Exercise: For this exercise, write out each entry below exactly, omitting the images.

Image-text web data
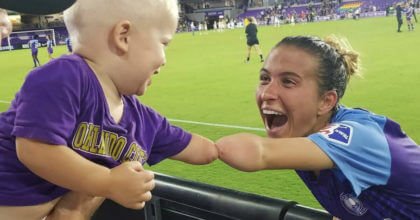 Photo of a soccer player sharing her similarity with one-year-old fan goes viral.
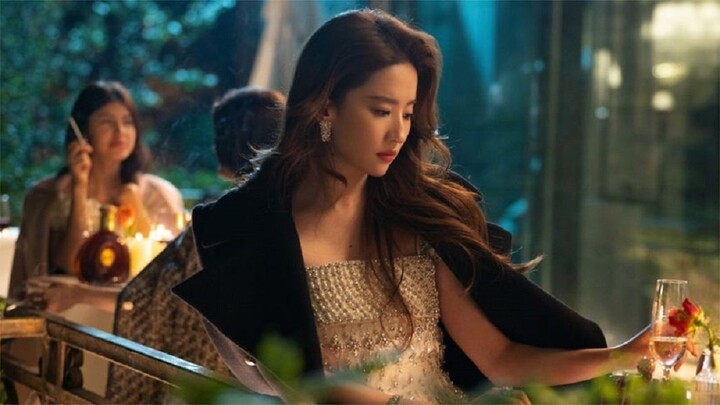 It’s a hit—even within the industry, everyone knows Liu Yifei’s outfits have gone viral.
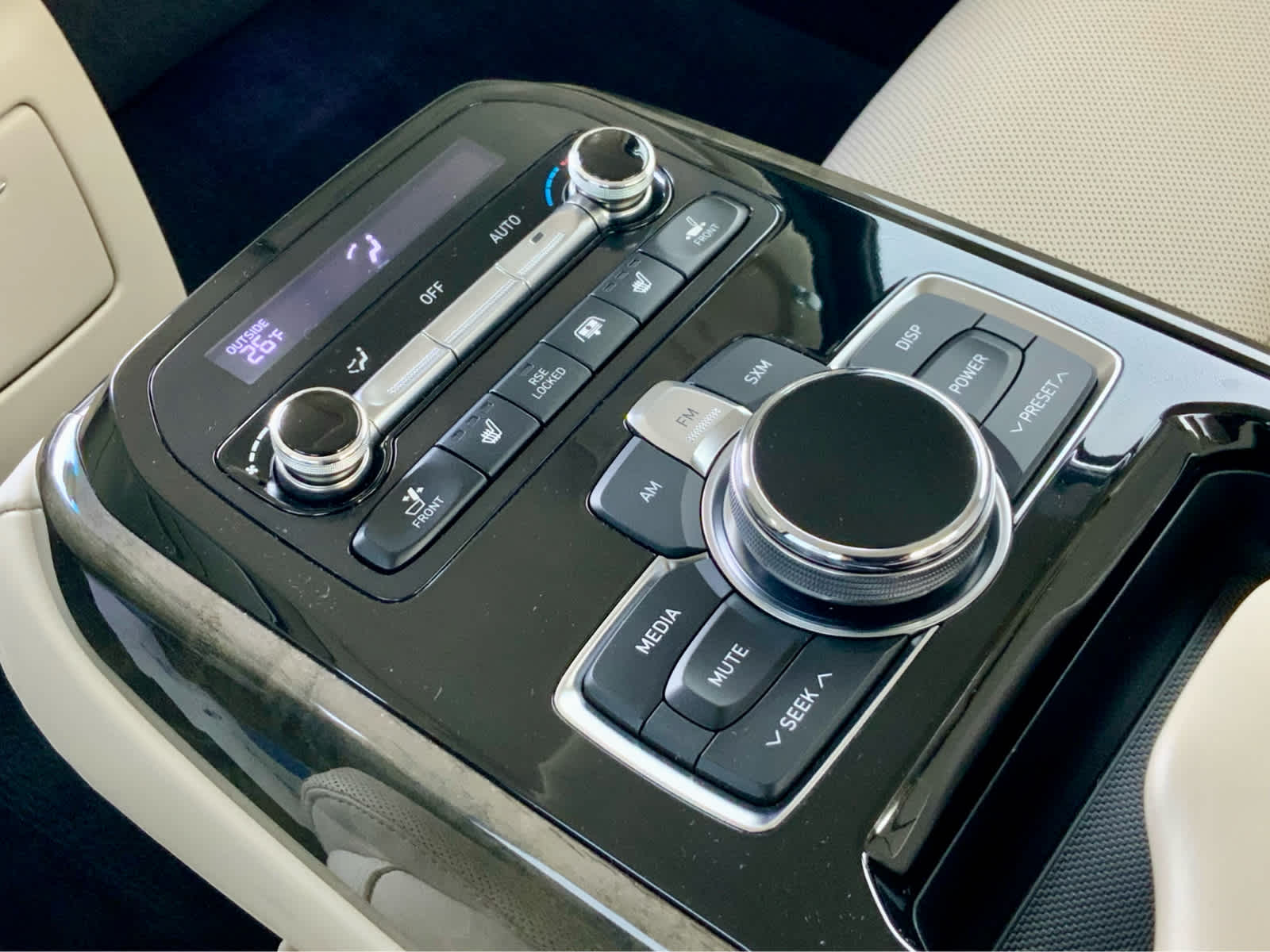 Thumbnail: 2017 Genesis G90 - 32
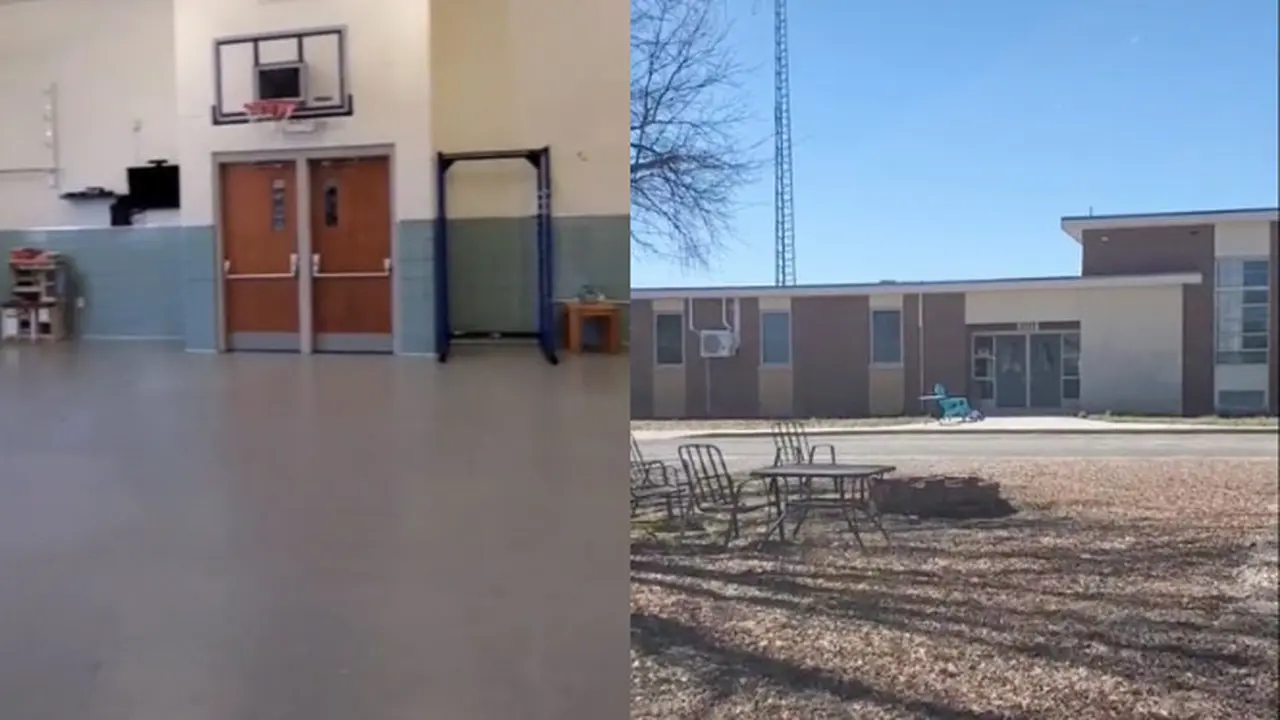 Viral Keluarga Ini Membeli Bekas Gedung Sekolah dan Dijadikan Tempat Tinggal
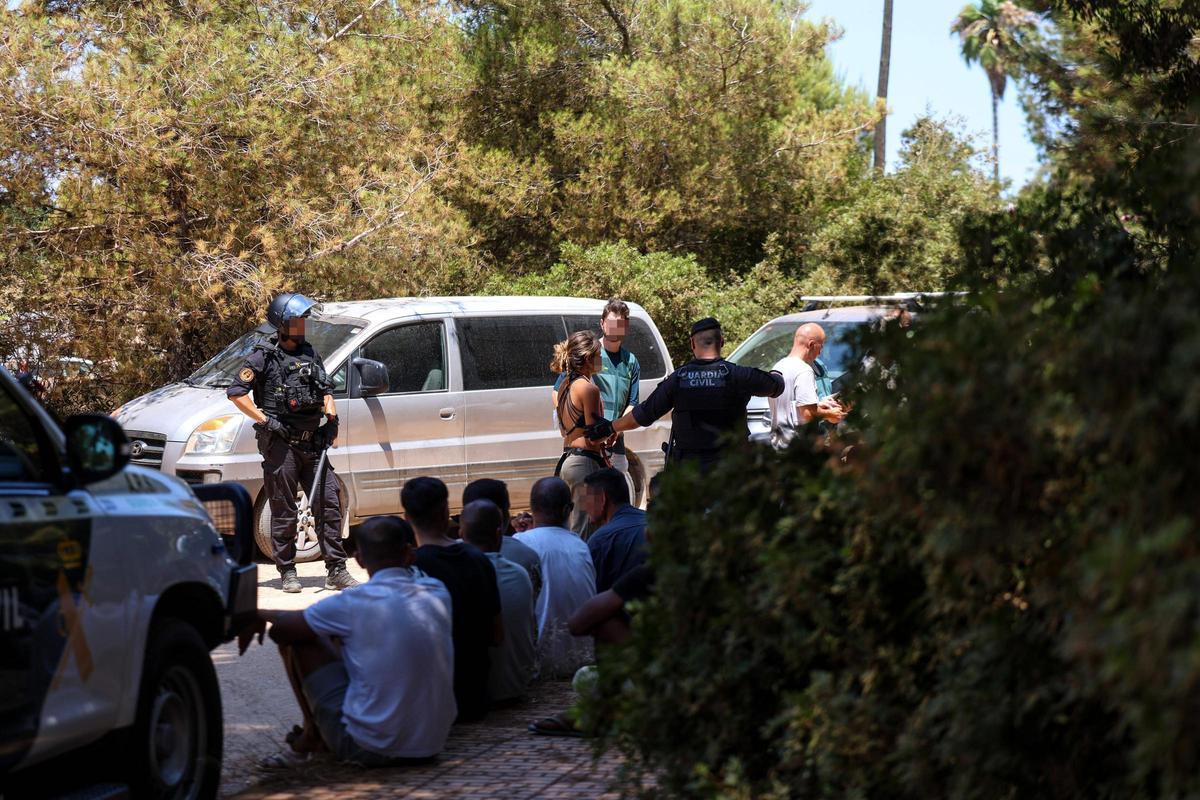 Las imágenes del despliegue policial por los okupas de Punta Arabí. Las imágenes del despliegue policial por los okupas de Punta Arabí.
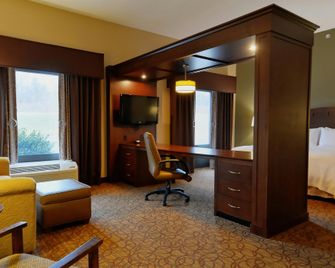 Hampton Inn Geneseo - Geneseo - Sala de estar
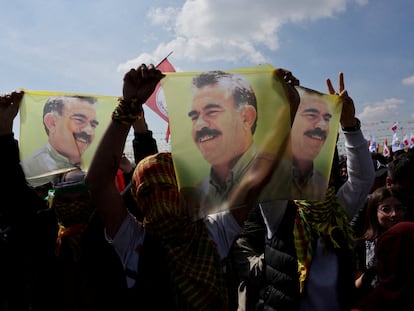 Seguidores del partido kurdo DEM enarbolan imágenes del líder kurdo encarcelado Abdullah Öcalan, en Estambul, el 17 de marzo de 2024.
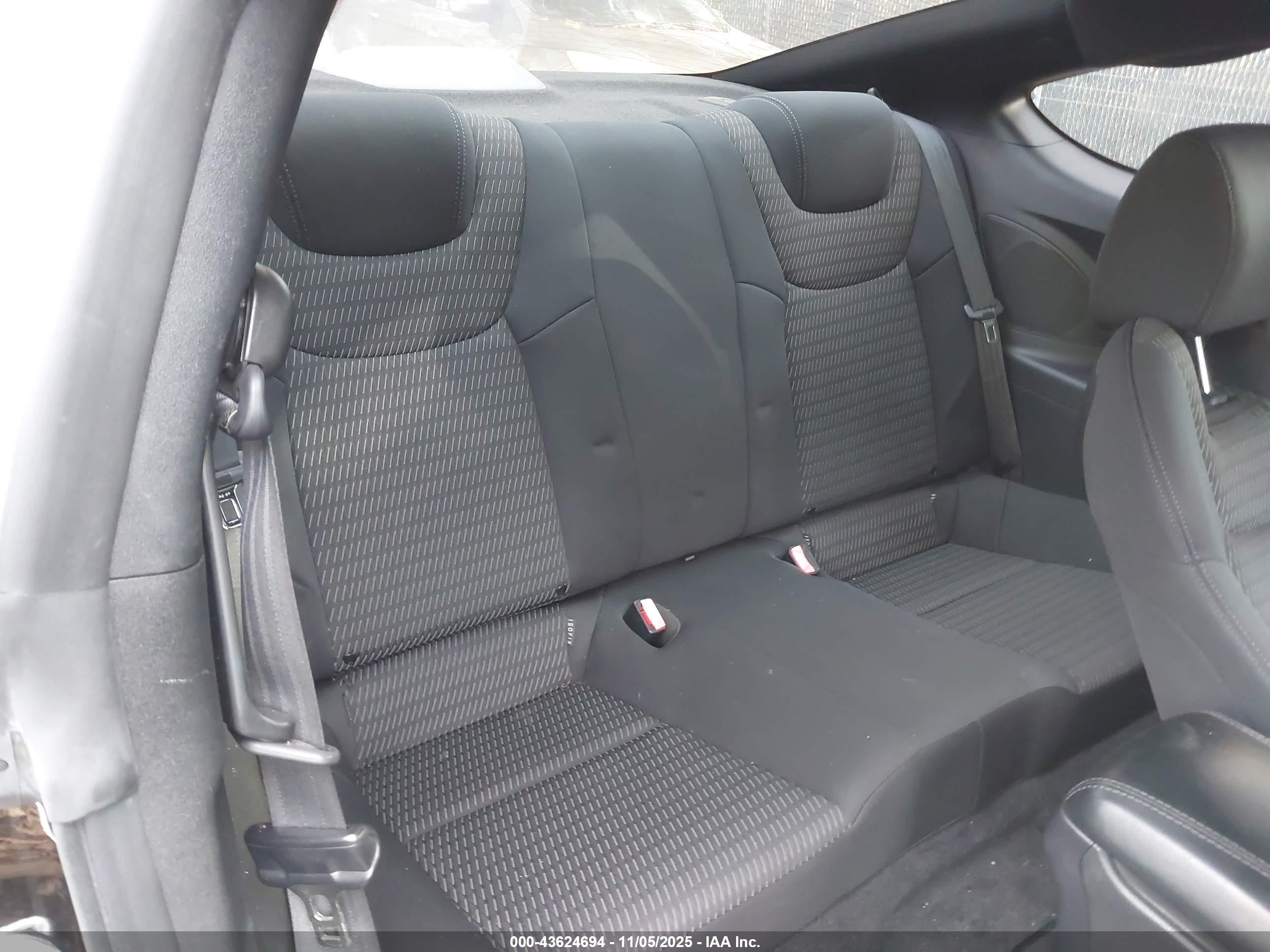HYUNDAI GENESIS image 8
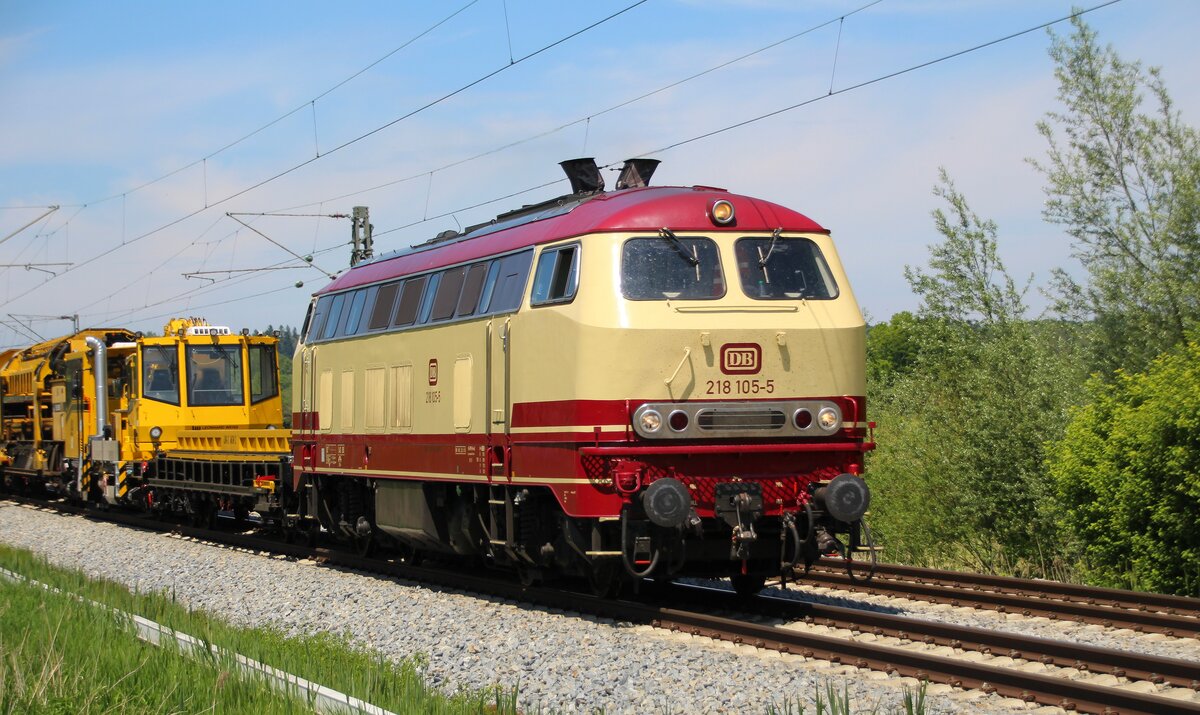 218 105 mit Geweih und Bauzug am Haken unterwegs in Richtung Salzburg. Aufgenommen am 02.06.2021 nahe Bernau.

Task result:
 Photo of a soccer player sharing her similarity with one-year-old fan goes viral.
 It’s a hit—even within the industry, everyone knows Liu Yifei’s outfits have gone viral.
 Thumbnail: 2017 Genesis G90 - 32
 Viral Keluarga Ini Membeli Bekas Gedung Sekolah dan Dijadikan Tempat Tinggal
 Las imágenes del despliegue policial por los okupas de Punta Arabí. Las imágenes del despliegue policial por los okupas de Punta Arabí.
 Hampton Inn Geneseo - Geneseo - Sala de estar
 Seguidores del partido kurdo DEM enarbolan imágenes del líder kurdo encarcelado Abdullah Öcalan, en Estambul, el 17 de marzo de 2024.
HYUNDAI GENESIS image 8
 218 105 mit Geweih und Bauzug am Haken unterwegs in Richtung Salzburg. Aufgenommen am 02.06.2021 nahe Bernau.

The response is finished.